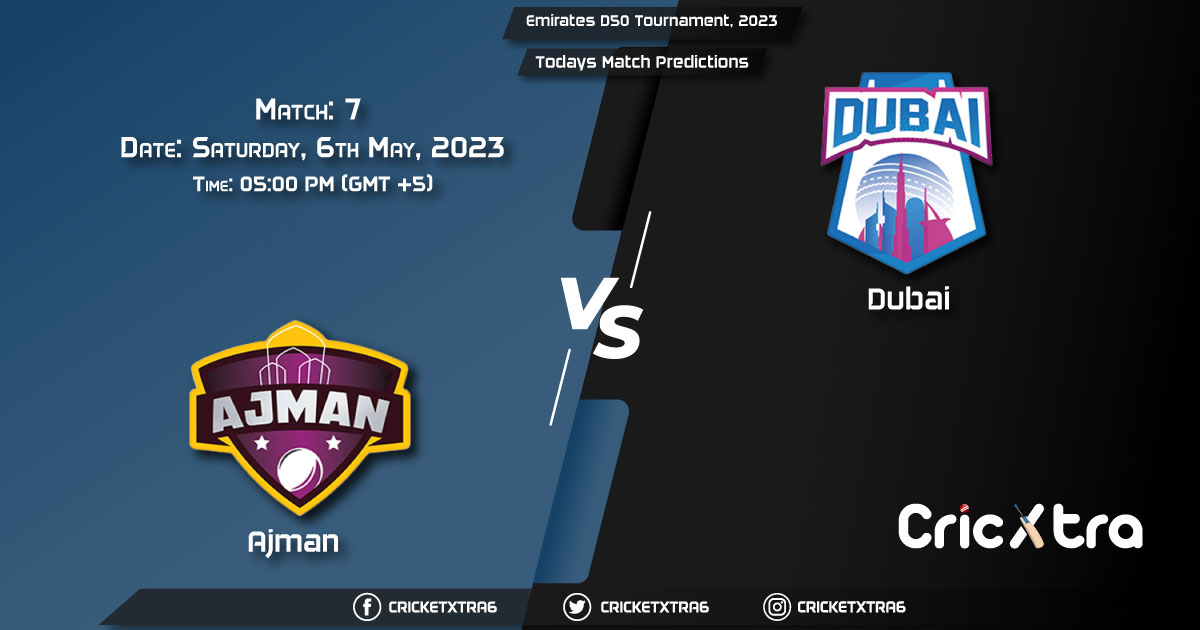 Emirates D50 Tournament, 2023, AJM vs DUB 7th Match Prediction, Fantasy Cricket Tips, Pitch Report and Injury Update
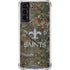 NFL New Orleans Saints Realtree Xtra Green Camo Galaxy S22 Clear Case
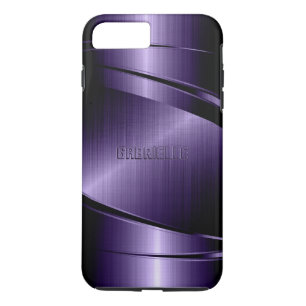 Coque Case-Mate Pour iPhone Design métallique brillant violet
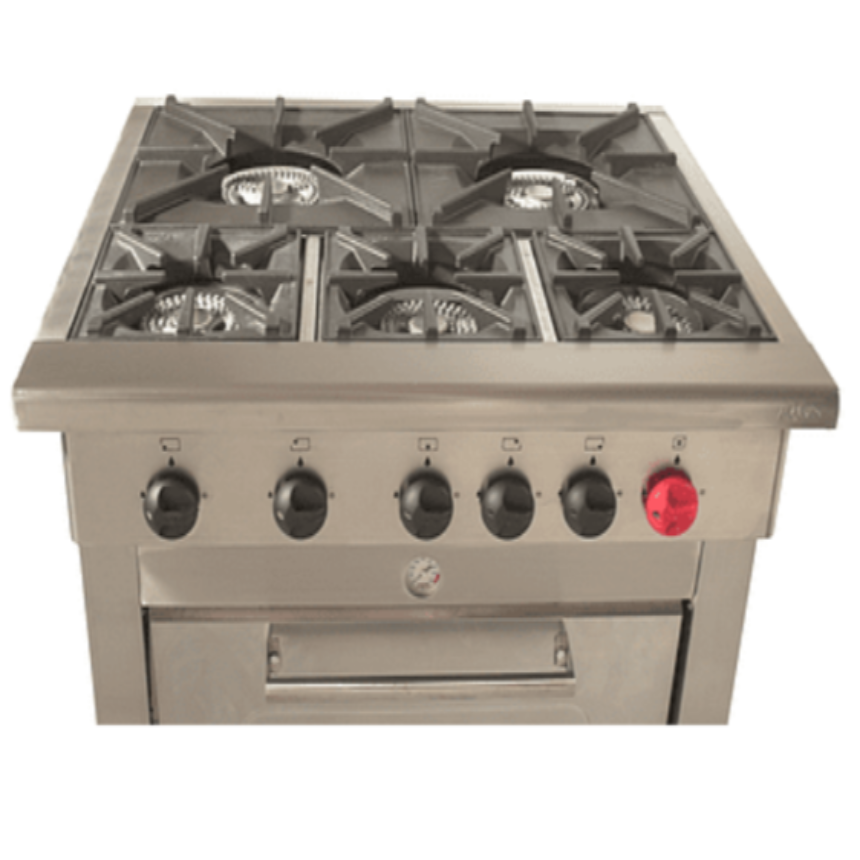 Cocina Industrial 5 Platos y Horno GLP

**Problem**. The material above is to be transcribed exactly, with all pictures omitted.

**Output below**.
 Emirates D50 Tournament, 2023, AJM vs DUB 7th Match Prediction, Fantasy Cricket Tips, Pitch Report and Injury Update
 NFL New Orleans Saints Realtree Xtra Green Camo Galaxy S22 Clear Case
 Coque Case-Mate Pour iPhone Design métallique brillant violet
 Cocina Industrial 5 Platos y Horno GLP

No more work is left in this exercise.